Overview

The properties of materials vary dramatically with changes in their size and shape. Two-dimensional (2D) atomic layered materials have emerged as a significant research area in modern science due to the discovery of unique phenomena that differ from those observed in three-dimensional (3D) crystals. Charge-transfer (CT) complexes, in which the donor and acceptor molecules are regularly arranged, exhibit diverse physical properties such as electrical conductivity and magnetism which depend on the molecular combinations and their arrangements.

In this study, we will create ultrathin films with nanometer-scale thickness, consisting of CT complexes and elucidate their physical properties. Exotic quantum phenomena resulting from the new ordered structures and the interfacial effects which arise from the reduction of dimensionality will be explored. By utilizing molecular designability and bottom-up assembly strategies, ultrathin films of “Multiply Programmed Layers” with the intra-layer and/or inter-layer molecular arrangements will be constructed. Precisely controlled “Multiply Programmed Layers” produce unconventional crystal structures and electronic states, leading to new functions together with excellent external field responsiveness attributed to their ultrathin state. We aim to realize exotic electronic phases, which normally appear only at very low temperatures and under high pressure, at ambient conditions. This will pave the way for the development of electronic devices based on new principles.

Inorganic 2D materials like graphene, with strong intra-layer covalent bonds and weak inter-layer van der Waals forces, can be exfoliated into high-quality ultrathin films due to their structural anisotropy. In contrast, molecular crystals which typically form 3D structures held together by weak intermolecular forces are difficult to exfoliate while preserving order, highlighting the need for rational methods to construct highly ordered molecular ultrathin films.

Our research addresses this chagllenge using CT complexes, which offer high molecular designability. Through a bottom-up approach that enables precise control over molecular arrangements, we aim to create “Multiply Programmed Layers” ultrathin films that exhibit electronic structures unique to low-dimensional molecular materials.

The project aims to create “Multiply Programmed Layers” by sequentially stacking various molecular layers composed of CT complexes with a variety of electronic phases and clarify the correlation between their hierarchical structure and physical properties.

A01：Molecular Design and Synthesis

Tomoko Fujino (PI, YNU), Yuya Haraguchi (TUAT), Kazuyoshi Yoshimi (UTokyo)

Electronic structures using CT complexes will be designed by controlling molecular arrangements and inter-layer orbital hybridization. Heterostructures with inorganic layered materials will also be explored.

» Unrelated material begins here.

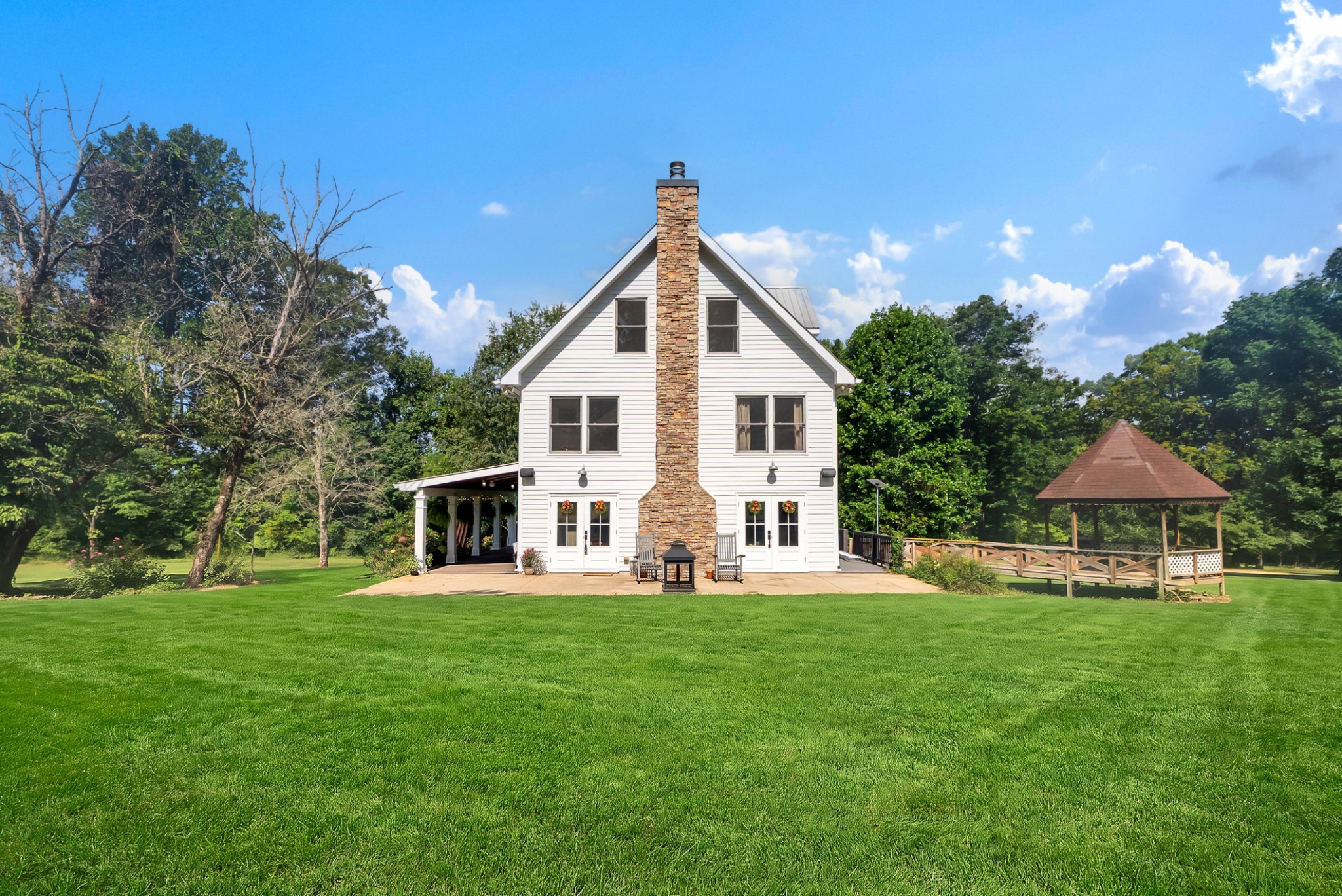 927 Bond Rd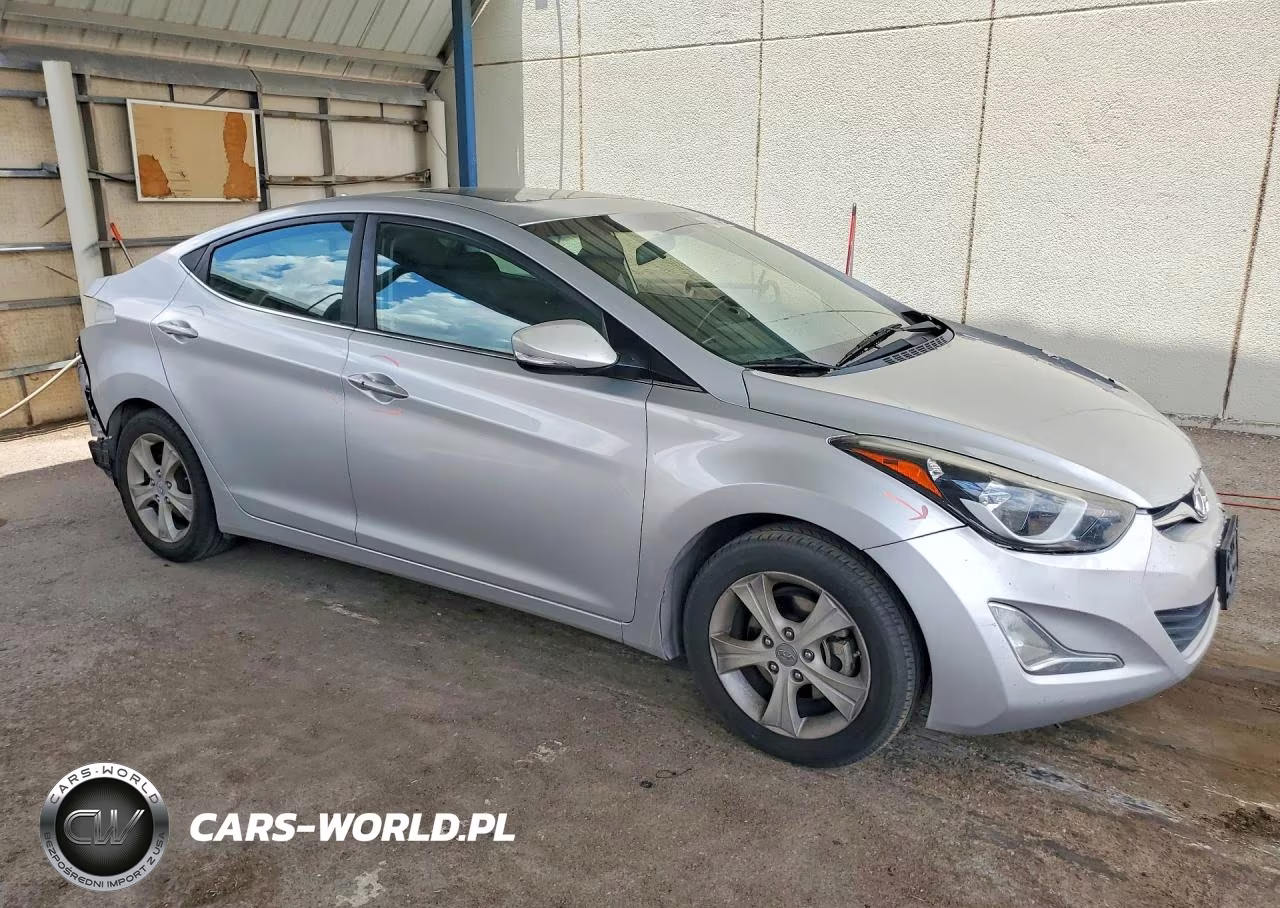 2016 Hyundai Elantra Value Edition VIN:5NPDH4AE4GH753247 - 4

A02：Layered Structure Construction

Rie Makiura (PI, OMU)

Ultrathin crystalline films will be synthesized at the air–liquid interface via self-assembly, and structure–property correlations will be examined.

A03：Functionaility Development

Toshiki Higashino (PI, AIST), Satoru Inoue (YGU), Takeshi Fujita (UTokyo)

Electronic phases in Multiply Programmed Layeres will be controlled using external stimuli to explore unique low-dimensional functionalities for device applications.